The music emerged from a love of classical forms, probably instigated by seemingly endless car journeys as a child with Elgar on the stereo. James was keen to make his own ‘classical’ music but, with no classical training nor even the ability to read music, the result was not exactly the Enigma Variations. The actual sound was probably closer to Tindersticks’ more intimate instrumental moments or perhaps the Dirty Three in a music box, with violin, harmonium and guitar as the epicentre. A smart reviewer once noted that the group sounded like ‘a blind man conducting the saddest orchestra you can imagine’.
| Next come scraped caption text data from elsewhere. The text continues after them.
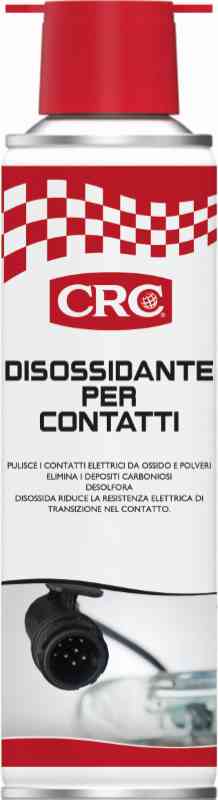 Disossidante Per Contatti Aerosol 250mL C0802 CRC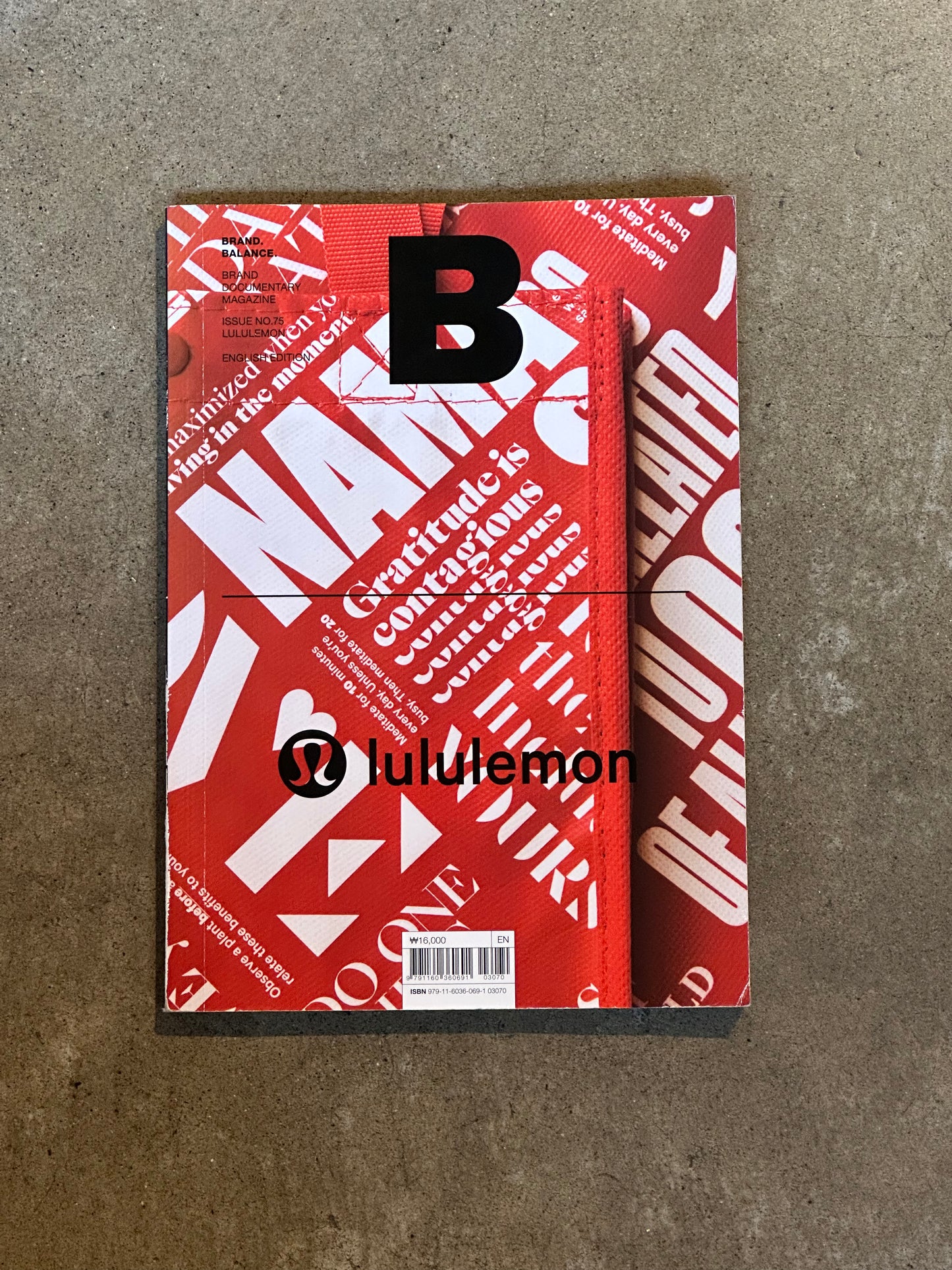 Magazine B - Lululemon - Issue 75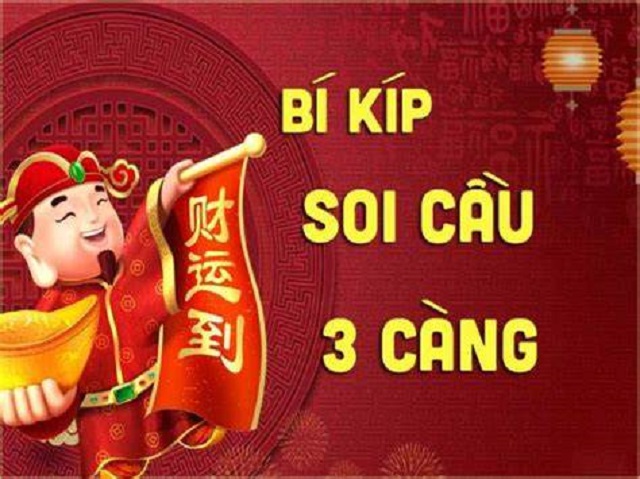 Bí kíp soi cầu 3 càng bất bại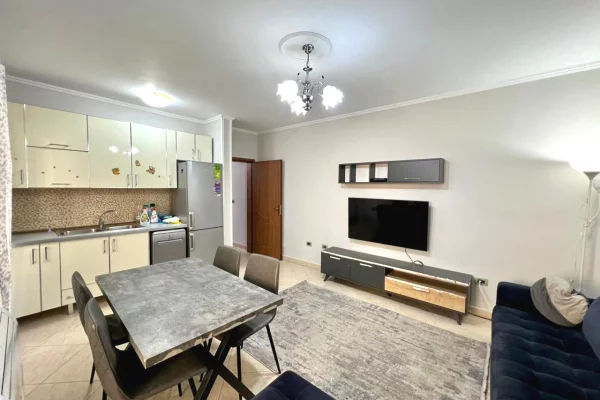 Shtepi me qera Apartament ne Tirane, 1+1, Mobilimi E mobiluar, Pagesa 500  Euro.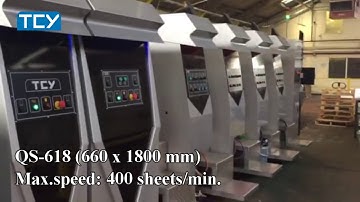 TCY Flexo 618 speed 400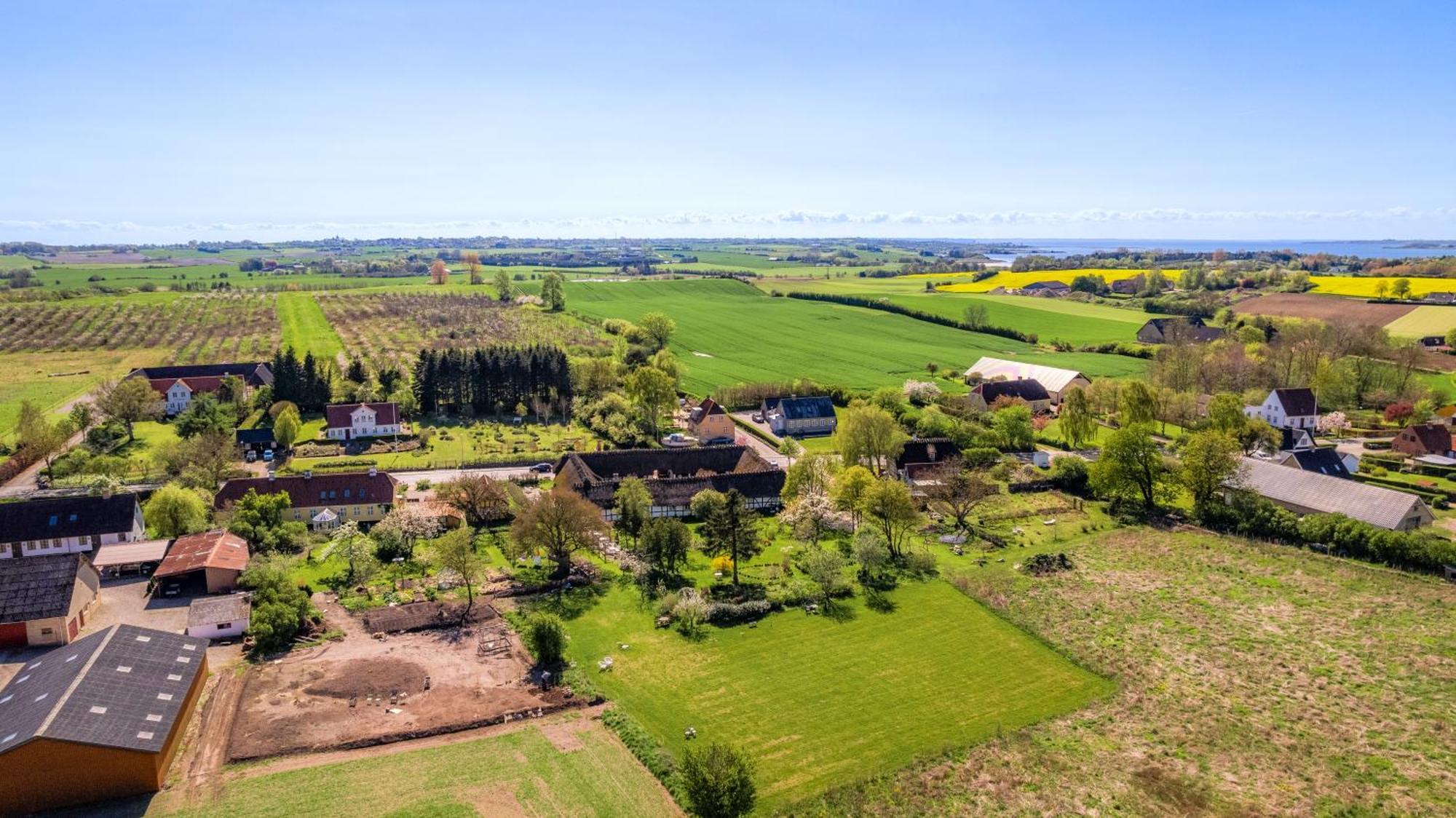 Solbjerggaard Bed & Breakfast Fåborg Eksteriør bilde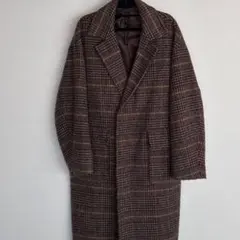 【niko and ...】ネップ起毛コート　キャメル メンズ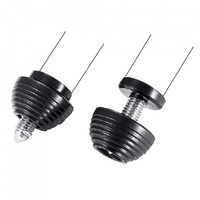 Gitzo Video Rubber & Spike Feet, Set of 3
To boil down the Big Eyes essence you’d perhaps need to focus in on kitchen-sink melancholia of Mike Leigh, the spartan folk of Shirley and Dolly Collins, the puzzling prose of Paul Auster and perhaps the sheer oddness of Czech animator Jan Svankmaker. Not a combination that sits very easily together in writing, granted, but then the music doesn’t really ‘sit’. It fidgits.
The group played live all over the UK in various forms (most notably with Daniel Johnson at his UK debut) and released four albums on UK label Pickled Egg Records (‘Big Eyes Songs’, ‘Clumsy Music’, ‘Love Is Gone Mad’ and ‘We Have No Need For Voices When Our Hearts Can Sing’). The music spread out past its initial premise and involved more complex string arrangements, guest musicians and the occasional vocal.
In 2004, James called it a day with Big Eyes. The group had pretty much run its course and a change of direction was needed. So, in its place, James decided to form a collaboration project and called it The Big Eyes Family Players. The group was formed around James and his Big Eyes co-pilot, David Jaycock, and, for the first recordings featured a bunch of gifted individuals they had got to know along the way, including Jeremy Barnes (A Hawk And A Hacksaw), Rachel Grimes (Rachel’s), James Yorkston, James William Hindle and Suzy Mangion. The resulting album ‘Do The Musiking’ (again released on Pickled Egg) was a sprawl of klezmer, chamber music, minimalist lullabies and full-on hoe-downs/rock-outs, as if Big Eyes had been left at the back of the fridge, morphing and mutating into new musical creatures.
Since then TBEFP have recorded/released two more albums, ‘Donkeysongs’ and ‘Warm Room’, and followed the collaboration branch by creating an album of old folk songs with James Yorkston, appropriately called ‘Folk Songs’, which will be released on Domino in August 2009.